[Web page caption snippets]
-- -- --
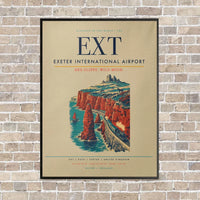 Thumbnail for Exeter International Airport EXT vertical canvas print - framed - beige background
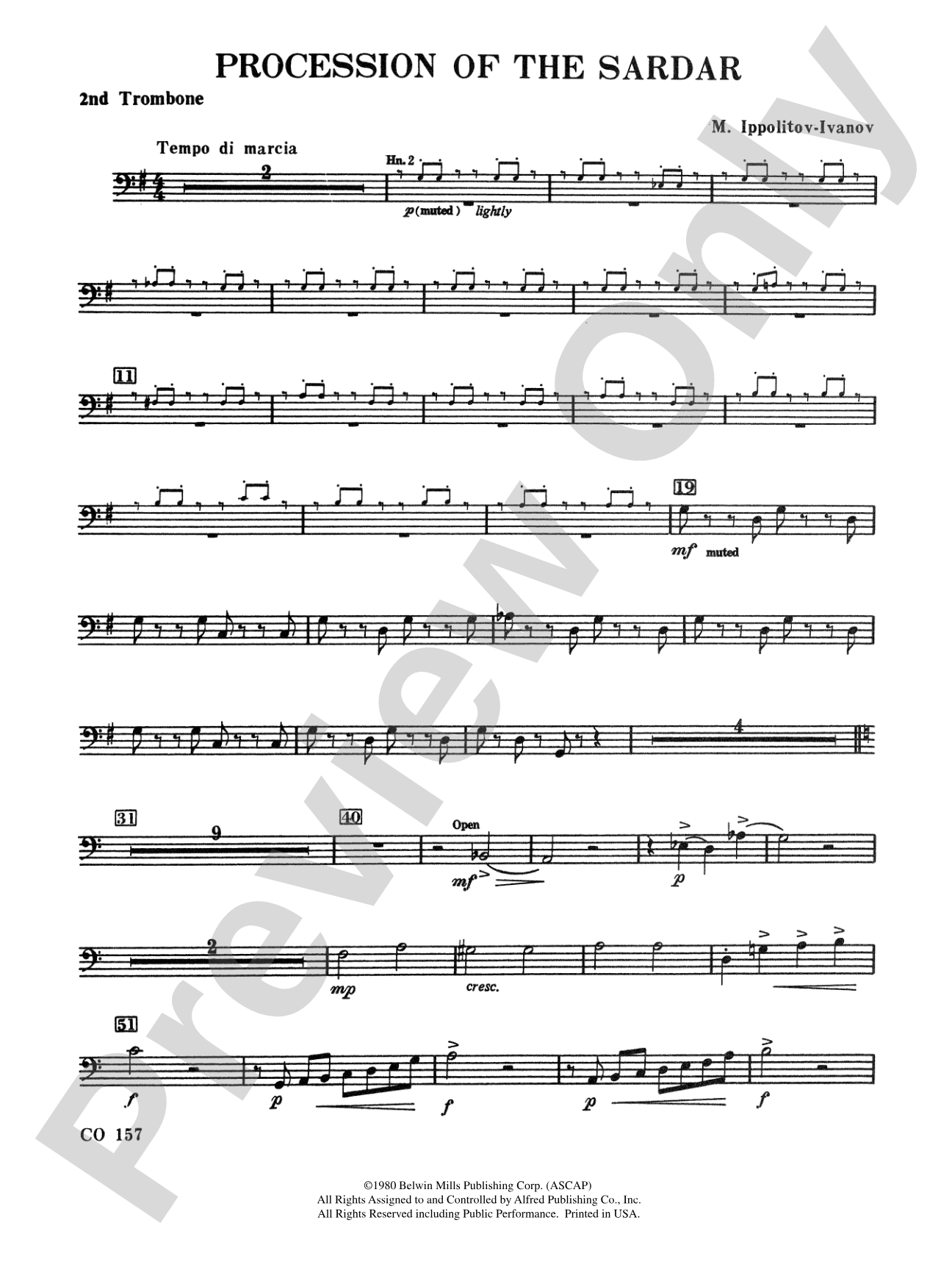 Procession of the Sardar: 2nd Trombone
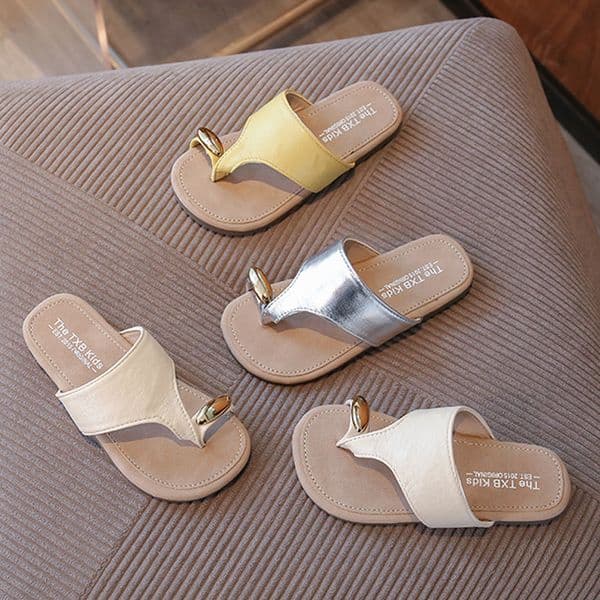 Kids Slippers 2026 Summer New Girls Toe Flip Flops Children Toddler Outdoor Walkfashion Vacation Beach Shoes Slides Girl Casual Slippers Sizes US7C-US4Y W02089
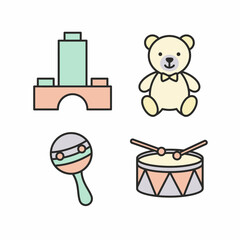 Colorful Baby Toys Illustration Blocks Teddy Bear Rattle and Drum.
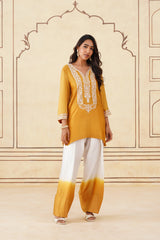 Golden Yellow Embroidered Ombre Farshi Salwar Set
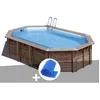 Image de Kit piscine bois Gré Macadamia 632 x 335 x 130 m + Bâche à bulles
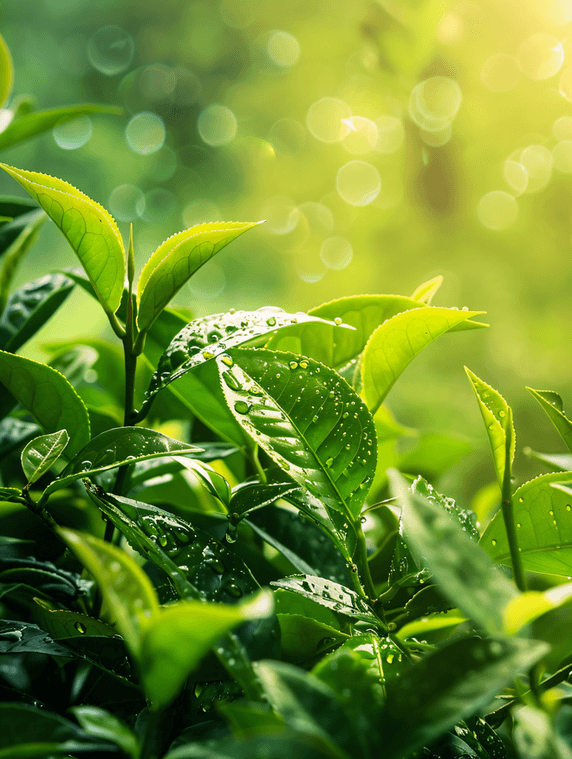 创意浓郁的茶茶叶春天绿色植物叶子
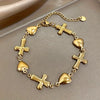 Cross Love Heart Charm Golden Chain Stainless Steel Bracelets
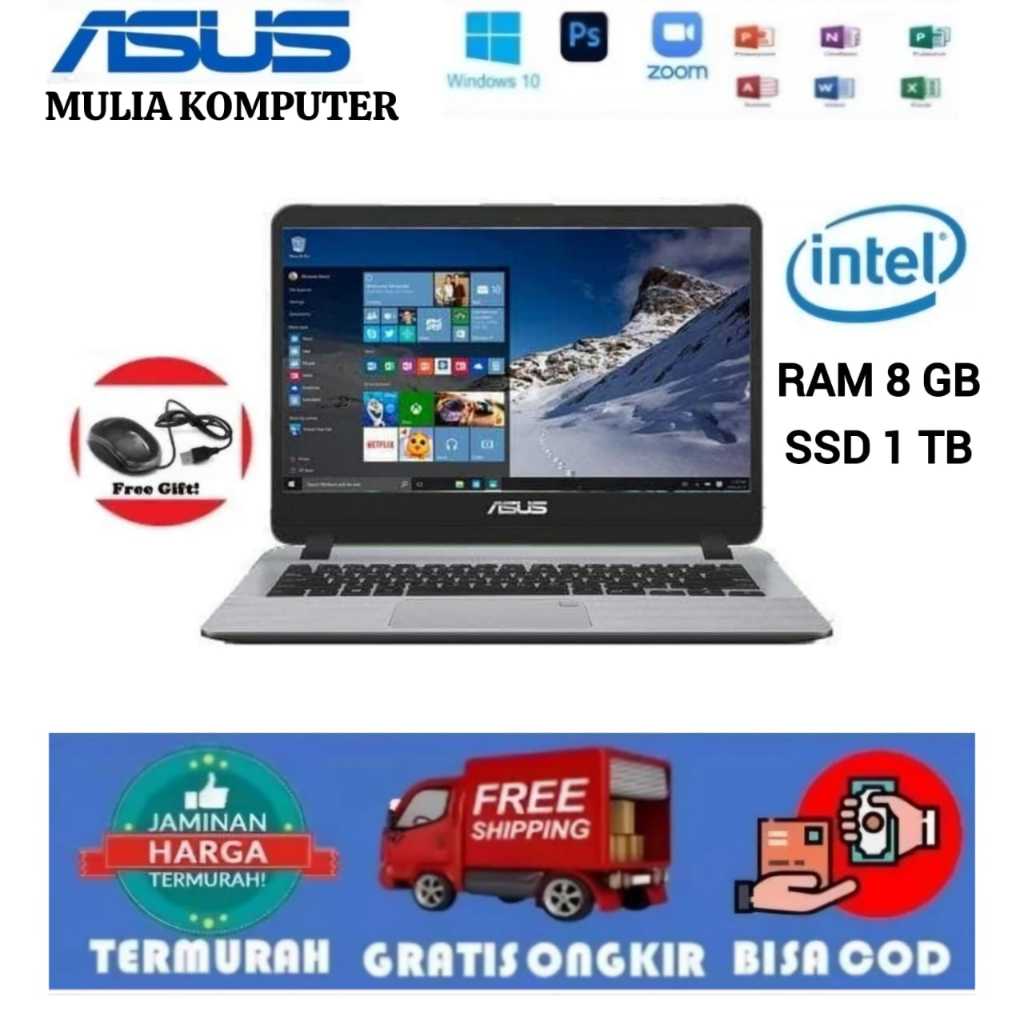 LAPTOP ASUS A407 INTEL CORE i3 RAM 8GB SSD 1TB (free mouse)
-- -- --
All records above must be output exactly as they stand, excluding pictures.

 Thumbnail for Exeter International Airport EXT vertical canvas print - framed - beige background
 Procession of the Sardar: 2nd Trombone
 Kids Slippers 2026 Summer New Girls Toe Flip Flops Children Toddler Outdoor Walkfashion Vacation Beach Shoes Slides Girl Casual Slippers Sizes US7C-US4Y W02089
 Colorful Baby Toys Illustration Blocks Teddy Bear Rattle and Drum.
 Golden Yellow Embroidered Ombre Farshi Salwar Set
 Image de Kit piscine bois Gré Macadamia 632 x 335 x 130 m + Bâche à bulles
 创意浓郁的茶茶叶春天绿色植物叶子
 Cross Love Heart Charm Golden Chain Stainless Steel Bracelets
 LAPTOP ASUS A407 INTEL CORE i3 RAM 8GB SSD 1TB (free mouse)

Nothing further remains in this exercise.